Há vitrinas, janelas, caixas de
alumínio e de madeira, todas elas com palavras-de-ordem gravadas a ácido e
gritando a urgência do tema das migrações e dos refugiados: “La frontière
tuée”/ “Jeu de vie; Lieu de vie; Nous ne sommes
pas des animaux”/ “Stop the blood”/ “We just want to go in
England”…
Há inscrições em francês e em inglês.
Há roupas e objectos acumulados nestas montras que denunciam o desespero de
quantos, nos acampamentos (agora) escondidos de Calais, no norte de França a
caminho de Inglaterra via Eurotunel, desesperam por um “passaporte” para uma
vida diferente na Europa do Norte de todos as ilusões.

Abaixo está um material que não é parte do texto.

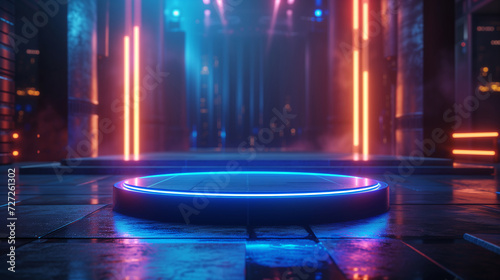 Sci Fi Futuristic Podium. Futuristic Stage neon. 3D rendering. Cyberpunk podium. Futuristic technology podium. on clorful neon light background © Naris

Com Sans toi ni loi – o mesmo título
de um filme de Agnès Varda (Sei Eira nem Beira, 1985), em que Sandrine
Bonnaire incarna uma adolescente lançada para a berma da estrada da vida –,
Jérémy Pajeanc encena o drama dos imigrantes e dos refugiados que, fugindo da
África de todos as guerras (mas também de países como o Vietname, o Tibete ou
as Filipinas), aspiram a chegar a Inglaterra.
“São frases, grafitti,
que eu fui recolhendo nas tendas, nas estradas, nas estações de serviço, a
caminho de Calais”, explica o artista luso-descendente nascido em Paris (1988),
e que se encontra radicado em Portugal desde 2007, onde se licenciou na
Faculdade de Belas Artes da Universidade do Porto. Decidiu gravar estas
inscrições a ácido hidrofluorídrico sobre vidro para que elas não tenham o
destino dos grafitti em Calais, que as autoridades francesas
limpam diariamente para esconderem uma realidade com a qual não se querem confrontar.
“Eu também sou imigrante, sempre fui,
como a minha família; mas, como nasci em Paris, tenho a sorte de poder viajar
para todo o lado; já os imigrantes não o podem fazer”, nota Pajeanc,
descendente de portugueses, primeiro, emigrados para Angola, e depois da guerra
civil neste país, para França.
O artista vem trabalhando o tema
genérico das migrações e o drama de Calais desde há meia dúzia de anos, quando
em 2012 fez uma primeira instalação, Grades antimotim, na
Dinamarca, no âmbito do European Glass Contest. “Decidi agora ser mais incisivo
e mais específico sobre o caso de Calais”, realça, lamentando que o seu país
não consiga "dar resposta a esta questão humanitária”. “No futuro, a
Europa vai ter de responder pelos actos inumanos que agora está a praticar
junto dos imigrantes que a procuram”, reclama.
Operários-artistas
Jérémy Pajeanc é o primeiro convidado
de No Entulho, o programa de residências artísticas que a Otiima
abriu no início deste ano, destinado a proporcionar aos jovens artistas “a
pesquisa e a produção artística em ambiente rural-industrial”.